I took the harder path and switched from drugs to yoga. Not by choice: I crashed for nine weeks at UCLA's Neuropsychiatric Institute following my last LSD trip. But all that I sought through acid, I found through meditation.
-- George Beinhorn
The headline of Katharine Mieszkowski's otherwise excellent article on Huston Smith's new book, "Cleansing the Doors of Perception," asks the question "Can legalizing drugs bring us closer to God?"
That question is terribly misleading, and it is impossible to answer it meaningfully, accurately and briefly. The most nearly correct short answer is "no." A better question would be, "What can bring us closer to God?"
"Legalizing" "drugs" is not a necessary condition, and not even a sufficient one, to increase the frequency of the sort of primary religious experience that leads to lasting beneficial changes in people's lives.
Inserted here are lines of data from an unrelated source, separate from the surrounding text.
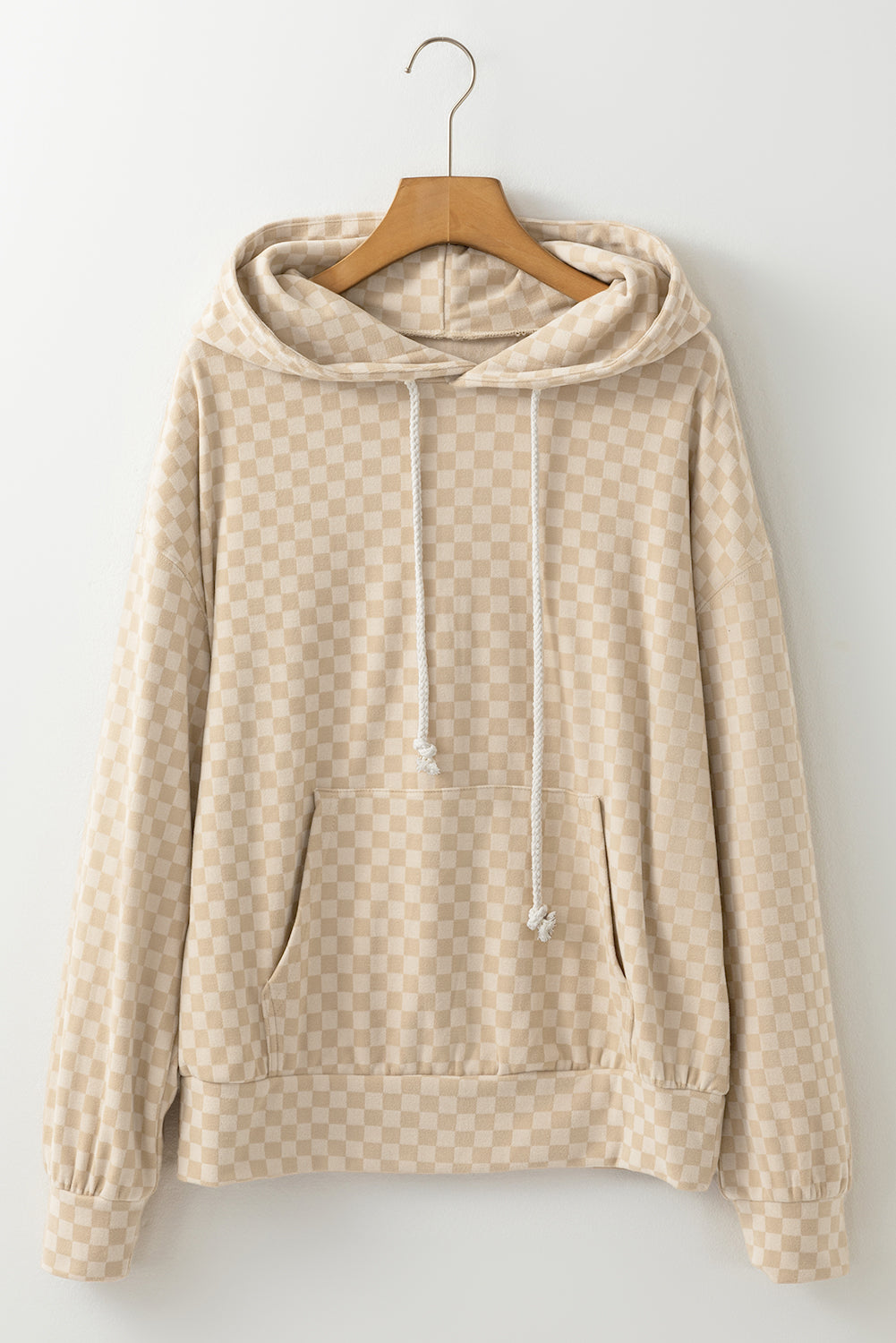 Charlie Checkered Hoodie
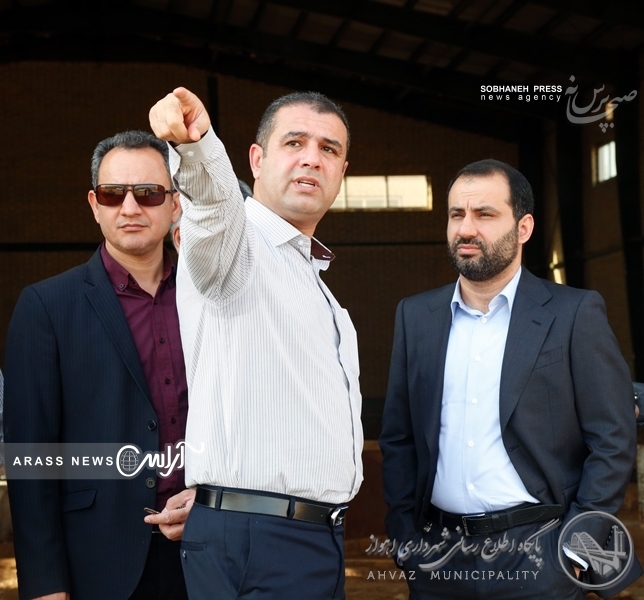 گزارش تصویری/ بازدید شهردار اهواز از دو پارک بانوان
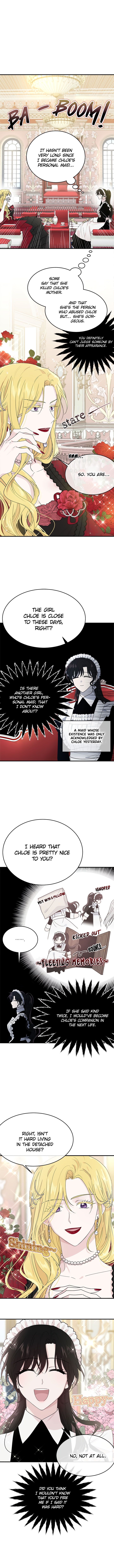 The Young Lady I Served Became a Young Master chapter 4 page 9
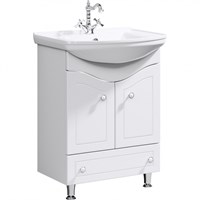 Напольная тумба под умывальник AQWELLA Franchesca , 62см  (FR0106) (Код товара: 986121) FR0106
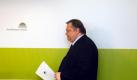Chef der griechischen Sozialisten: Evangelos Venizelos. Foto: Alexandros Beltes Foto: dpa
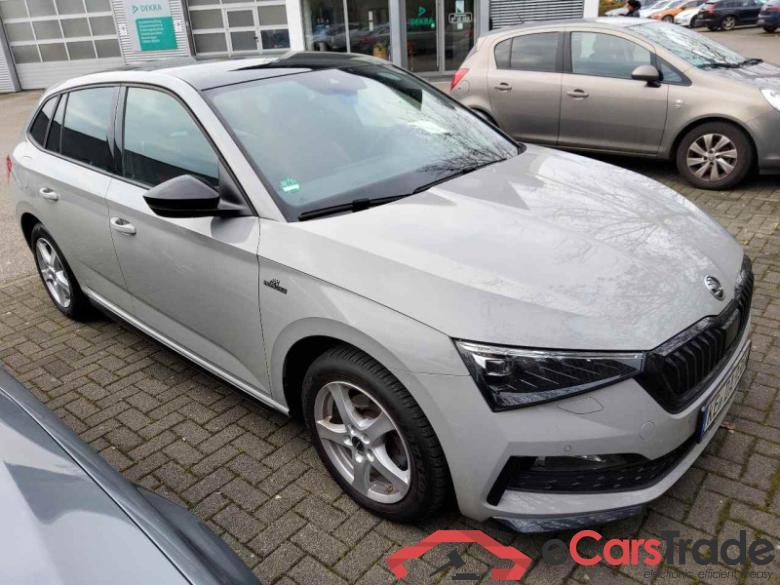 Skoda Scala (NW1)(01.2019->) DE - LimS5 1.6 TDI EU6d-T, Monte Carlo (EURO 6d-TEMP), 2019 - 2020 #2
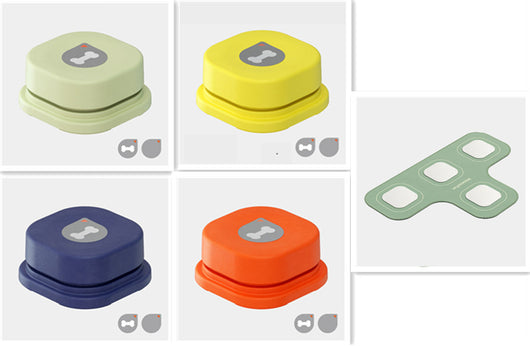 Botones de Comunicación para Mascotas - 4 Colores con Grabación de Voz - Image 16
The notion that all "drugs" are fundamentally alike is at the root of the confusion in our drug laws and the debate about them. Drugs differ. Uses and occasions differ. Policies ought to differ appropriately.
The fact that the entheogens can trigger primary religious experience has nothing to do with the broader question of "legalizing drugs" as it applies to the problems caused by cocaine, heroin and methamphetamine. It doesn't even argue for "legalizing" an entheogen, if "legalization" means the commercial marketing we now allow with tobacco. All it says is that we should try to carve out an exemption from the current drug laws for bona fide religious use of the relatively small number of psychoactive substances that can, for some people under some circumstances, be safe and effective tools for spiritual exploration.
Much as the Council on Spiritual Practices regrets the mistaking of responsible sacramental use of the entheogens as "drug abuse," we also regret the attempts to use their religious significance as a weapon in the debate about what to do with drugs generally. We regard the fact that the current drug laws stand in the way of religion as a mostly accidental impediment. We suggest removing the impediment, not the drug laws.